Abrir la puerta de su salón no parecía un acto distinto a cualquier otro día de trabajo. Sin embargo, aquel día entró un cliente muy especial: un niño que, sin saberlo, cambiaría para siempre la vida de un hombre del Alto Valle. Entre tijeras, peine y risas, se fue tejiendo un vínculo que pronto dejó de ser profesional y se convirtió en algo mucho más profundo: familiar.
Con el tiempo, el peluquero y la madre del chico se enamoraron, y su relación se formalizó con un matrimonio. Entre charlas y juegos en el salón, llegó el día en que el pequeño preguntó: “¿Puedo llamarte papá?”. Para el hombre, esas palabras no fueron solo un gesto de cariño, fueron la chispa que encendió un proceso que lo llevaría a la adopción plena por integración.

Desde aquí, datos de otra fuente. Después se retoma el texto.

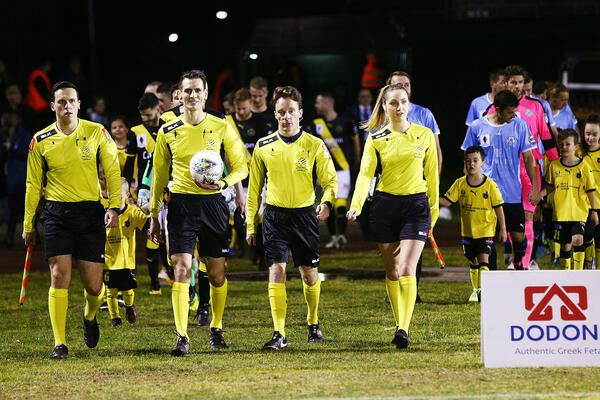 FFA Cup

El trámite judicial no hizo más que ponerle nombre a lo que ya existía. En su entorno, en el trabajo y frente a amigos, el niño era su hijo. Pero la formalidad necesitaba ser reconocida ante la ley. Mientras la familia se consolidaba, la vida volvió a ponerlos a prueba, el padre biológico del niño falleció, y el hombre estuvo allí, acompañando desde el primer momento, sosteniendo a la madre y al niño.
Hoy, él no solo es el referente de cuidado y afecto del niño, sino que la Justicia lo reconoce como su padre. Un fallo de la Segunda Circunscripción Judicial ordenó la adopción plena por integración y la modificación del apellido, siempre respetando el derecho del niño a conocer sus raíces biológicas. La madre dio su consentimiento, y el proceso contó con la intervención de la Defensoría de Menores y del Equipo Técnico Interdisciplinario, que verificaron la solidez del vínculo y la capacidad del adoptante para ejercer la función parental.
El informe psicológico y las audiencias confirmaron lo que todos veían en la vida diaria: un lazo firme, basado en afecto genuino y cuidado constante. La jueza subrayó que la adopción consolidaría la realidad familiar, protegería la identidad del niño y garantizaría su derecho a vivir en un hogar estable.